Болезнь - Исаак Гольдберг
Шрифт:
Интервал:
Закладка:
На пятый день Соболька перестала выть. А на завтра вернулись в Варнацк мужики, посланные Селифаном для оповещения ближних тунгусов о сдаче ясака.
Вместе с ними прибыл на двух упряжках Уочан. В нартах у него были плотно увязанные бунты пушнины.
Селифан с подручными встретил Уочана шумно и деловито. Пушнину перетащили в Селифанову избу. Там ее пересматривали, перещупывали, пересчитывали.
Уочан сидел на корточках в стороне, курил, поплевывал.
— Пришла началства... — сказал он, обкуривая себя дымом. — Ясак начал ходить... Ладна... Давай, бойе, бумажку... Пиши: кондогирского роду десять да два мужика, илимпейского — десять без одного...
— Бумажку тебе? — пренебрежительно передразнил его Селифан, встряхивая в руках искрящийся мех лисицы. — Надо раньше ясак твой пересмотреть. Вишь, бросовой сколько! Все норовите обмануть!..

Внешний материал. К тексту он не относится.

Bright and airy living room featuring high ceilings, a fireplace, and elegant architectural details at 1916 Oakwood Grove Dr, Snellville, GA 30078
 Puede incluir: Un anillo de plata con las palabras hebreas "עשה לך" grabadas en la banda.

— Нету обман! — загорячился Уочан. — Гляди хорошо: белка хороший, лисица хороший... все хороший!..
— Ну, ладно, ладно!..
Вместе с Уочаном и Селифановыми подручными в избу праздно набились мужики. Они мяли и пересматривали пушнину, вступали в разговор Уочана с Селифаном. Они курили, глядели, поплевывали.
Когда Селифан, пересмотрев меха, стал писать расписку, мужики придвинулись к тунгусу.
— Уочан! — сказал один по-тунгусски. — Хабибурца шаман когда из тундры выйдет? когда шаманить станет?
— Хабибурца шаман, — помолчав немного, важно ответил тунгус, — к Большому хозяину уходить собрался...
— Помирает?..
— Э-э... — утвердительно мотнул головой Уочан. — К Большому хозяину уходит...
Макар Иннокентьевич, прислушавшись к мужичьим разговорам, услыхав Уочановы слова, взволновался, пояснел.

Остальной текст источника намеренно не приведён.